Isn't forward declaration, whether for structures or functions, supposed to do what forward declaration is expected to do, ie, to let us use the structure or function before they are defined? Why is the forward declaration of a structure not working in my code? And the main thing that just misses me, is forward declaration of structures of any use in C at all? When is it used? Can you please give me a small C program example to illustrate this?

My program gives the error error: storage size of 'x' isn't known|.

#include<stdio.h>

struct test;

int main(void)
{
struct test x;
printf("%zu",sizeof(x)); //Gives Error
//printf("%zu",sizeof(struct test));//This fails too
}

struct test
{
    int a;
    char b;
};

New Edit I tried to do what Carl Noum said,but even this is not working:

#include<stdio.h>

struct test;
void foo(struct test*);

int main(void)
{
struct test x={53,'x'},*ptr=&x;
foo(ptr);
}

void foo(struct test* p)
{
    printf("%d,%c",p->a,p->b);
}

struct test
{
    int a;
    char b;
};

The compiler has to know the struct's layout when it compiles the main function.

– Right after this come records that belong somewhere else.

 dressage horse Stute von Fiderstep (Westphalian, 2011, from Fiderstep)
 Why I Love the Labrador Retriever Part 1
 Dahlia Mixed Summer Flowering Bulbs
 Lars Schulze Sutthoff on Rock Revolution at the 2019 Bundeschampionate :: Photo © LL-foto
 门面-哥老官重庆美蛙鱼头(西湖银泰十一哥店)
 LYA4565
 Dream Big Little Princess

A forward declaration is useful if you only have a pointer but not the actual type.

For example if you have a struct that contains a pointer to another struct

struct foo {
  struct bar *b;
  ...
};

It is also essential if the bar also contain foo like

struct bar;

struct foo {
  struct bar *b;
};  

struct bar {
  struct foo f;
};

In this case you have to have bar pre-declared.

A forward declaration usually means that you don't have to include .h file inside other .h file. This can speed up compilation significantly if the .h file is big.

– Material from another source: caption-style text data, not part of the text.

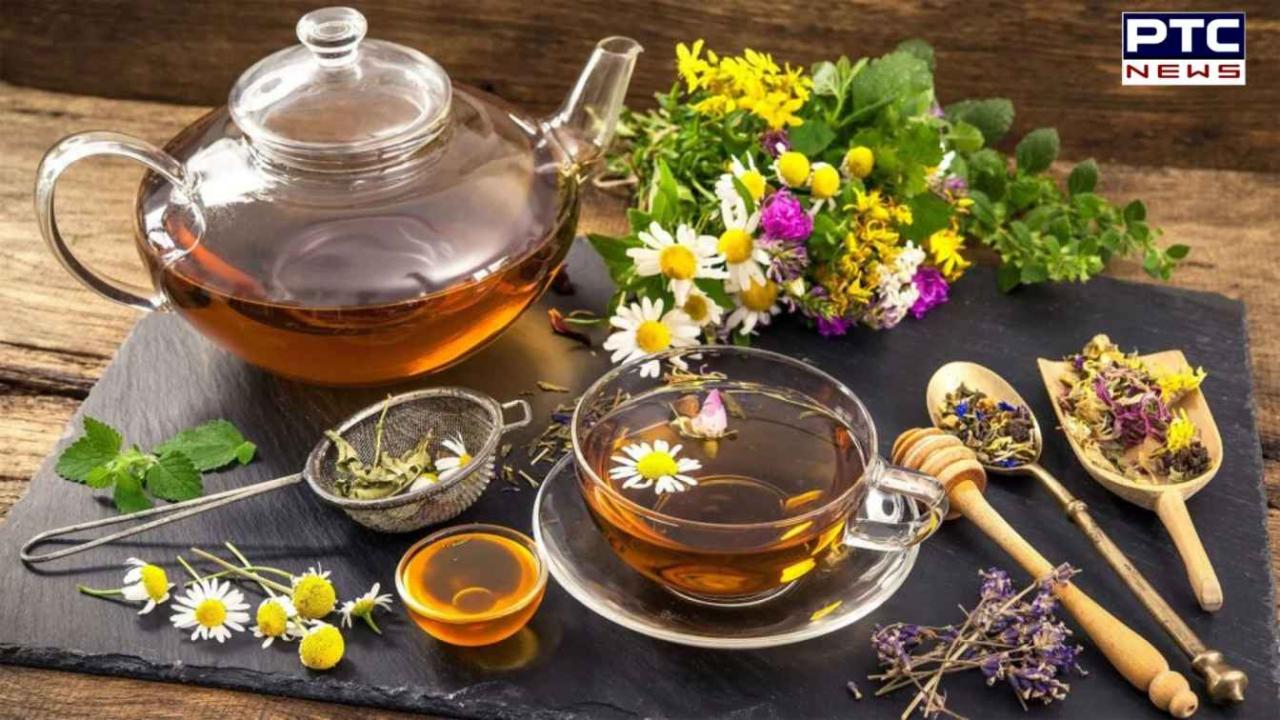 10 Must-Try Herbal Teas for a Healthy Lifestyle | Web Stories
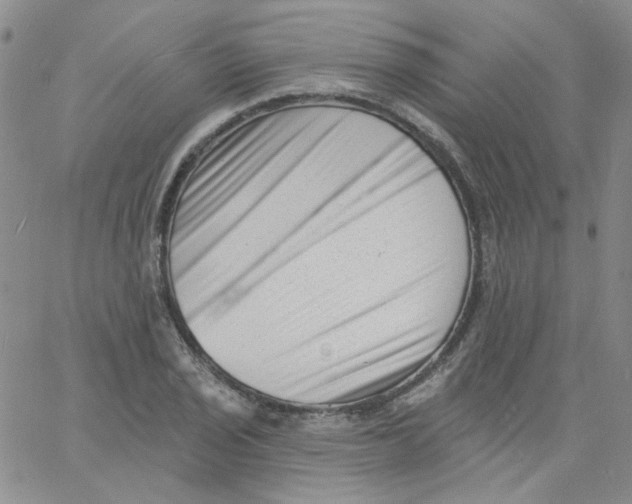 X0000060741029200512081912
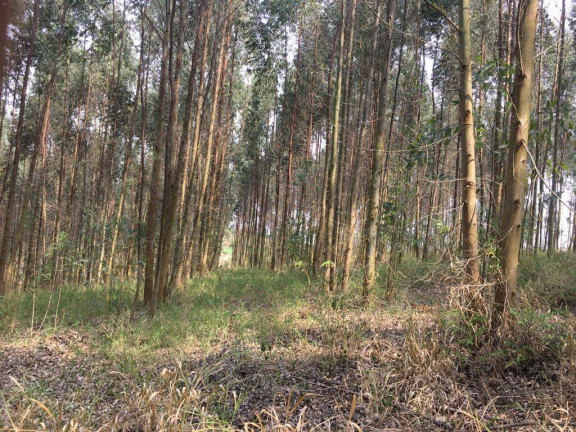Imagem Chácara à Venda, 24.200 m² em Piedade Imagem Chácara à Venda, 24.200 m² em Piedade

Functions yes, structures no. struct test is an incomplete type where you use it.

A common use case for incomplete types is to declare an opaque type. In a header file, you declare:

struct test;

And then some API that uses struct test only via pointers:

int func1(struct test *);
struct test *func2(void);

In the accompanying implementation, you include the full declaration so that your functions know what to do with the structure:

struct test
{
    int a;
    char b;
};

void func1(struct test *t)
{
    return t->a;
}

Edit:

Your new code doesn't do anything differently - you're still trying to operate on an incomplete type, and you still can't do that. In particular, this declaration:

struct test x = {53,'x'};

Can't work if struct test is an incomplete type. You can (generally) only use pointers to an incomplete type. In this case, that might mean creating a function that allocates and returns a pointer to a new structure, rather than trying to declare and initialize one on the stack.

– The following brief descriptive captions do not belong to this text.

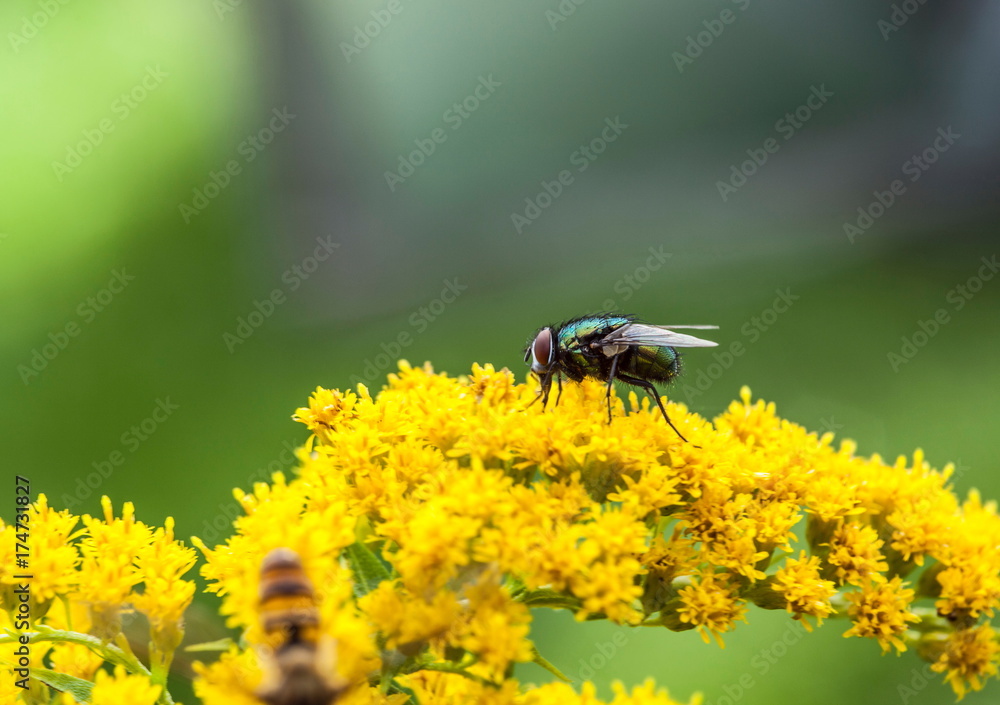 Fly on the yelow blossoms Fly on the yelow blossoms
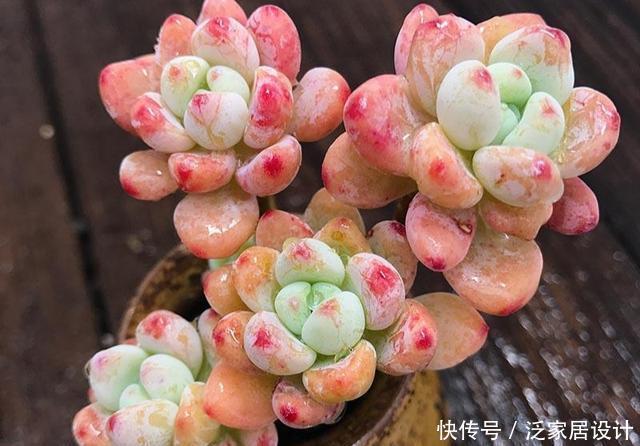  凝脂莲：多肉劳尔，美貌是骨，芳香是魂，年年养年年挂？是这些没做好
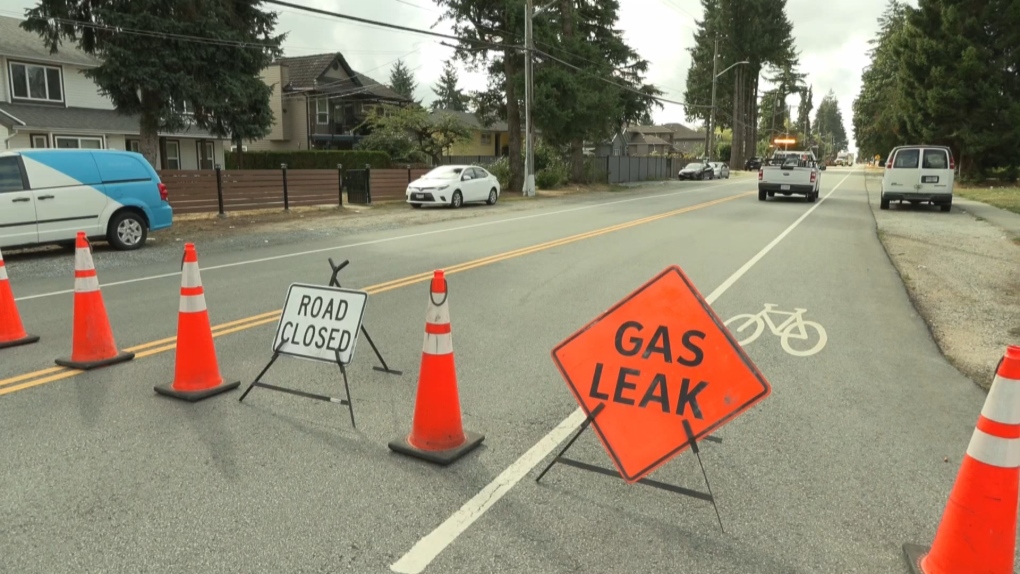 Surrey neighbourhood evacuated after car crashes into home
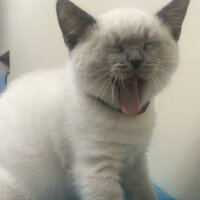 British Shorthair, Kedi  Sütlaç fotoğrafı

Struct type declared by a forward declaration (i.e. an incomplete type) can be used only in a limited number of ways. Applying sizeof to such a truct type is not one of them. On top of that, you can't use incomplete types in object definitions and you cannot access data fields of incomplete struct types.

In other words, sizeof requires a complete type. Your forward-declared struct type is not a complete type. Operator -> also requres a complete type of the left-hand side. Object definition (like struct test x) also requires a complete type.